[Stored entries]
§

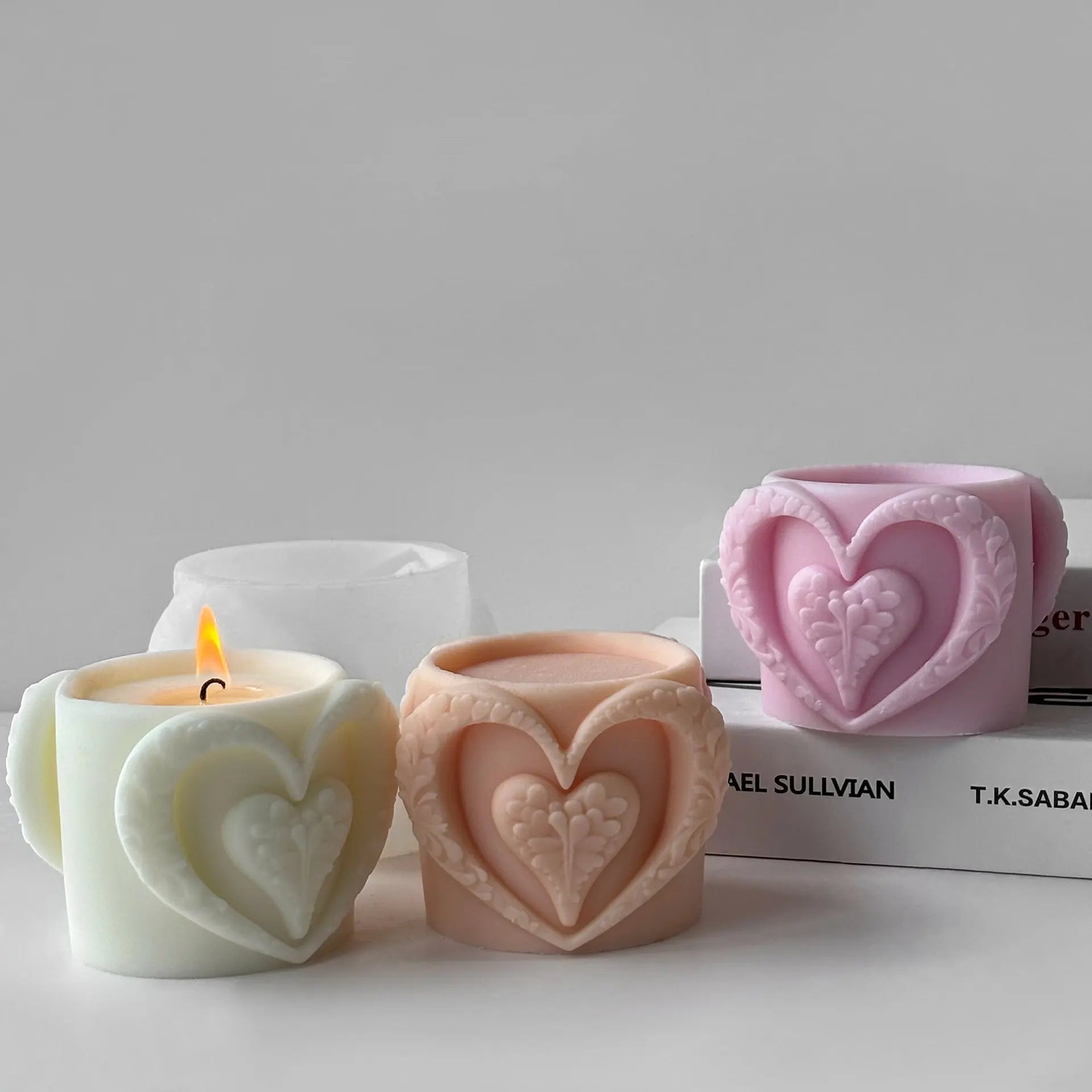 Heart Cup Silicone Candle Mold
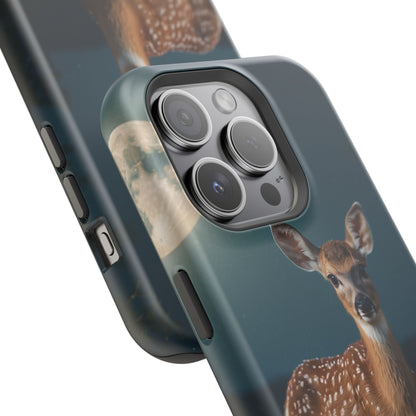 MagSafe-Compatible iPhone Case – Mystic Fawn Under the Moonlit Sky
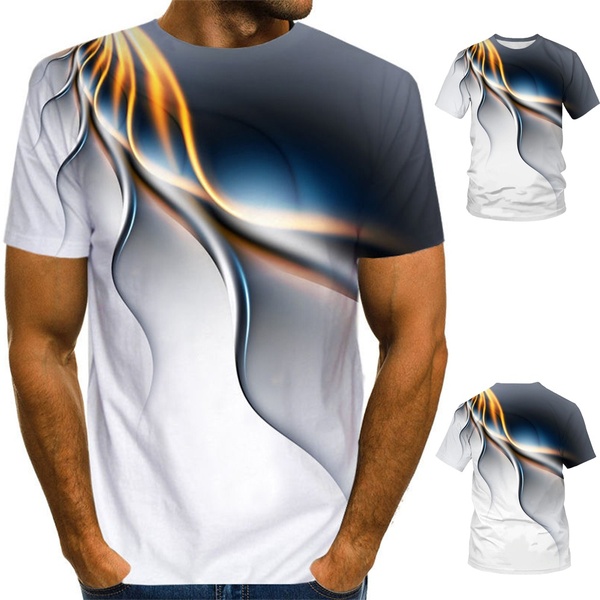 New men Short Sleeve Cool Colorful Cloud Male T-ShirtsCasual, T Shirts, sports tshirt   short sleeves, 3D T-shirt, Shorts, Men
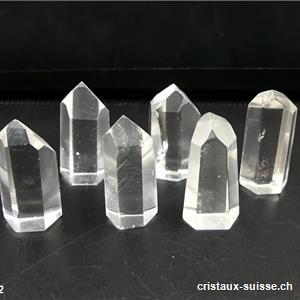 Cristal de roche Chavero du Brésil, petite pointe polie 3 - 3,3 cm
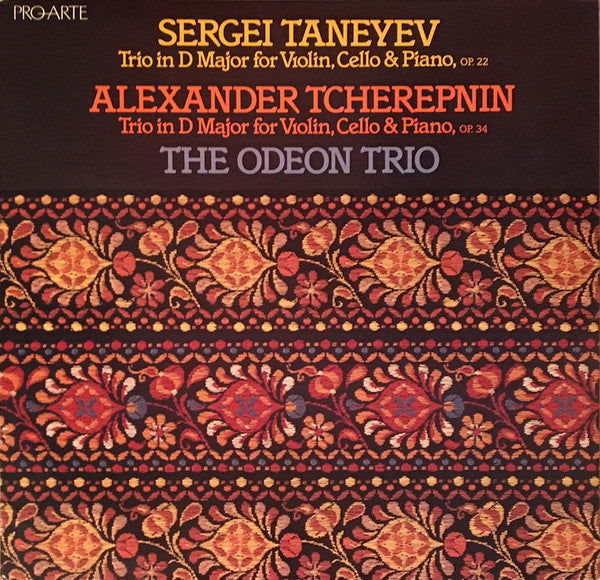 Sergey Ivanovich Taneyev / Alexander Tcherepnin - Odeon Trio : Trios (LP)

§

* [Work request] Please reproduce the lines exactly from the one containing "Cristal de roche" through the last line of the data above, and keep the pictures out.

* [Task answer]
 Cristal de roche Chavero du Brésil, petite pointe polie 3 - 3,3 cm
 Sergey Ivanovich Taneyev / Alexander Tcherepnin - Odeon Trio : Trios (LP)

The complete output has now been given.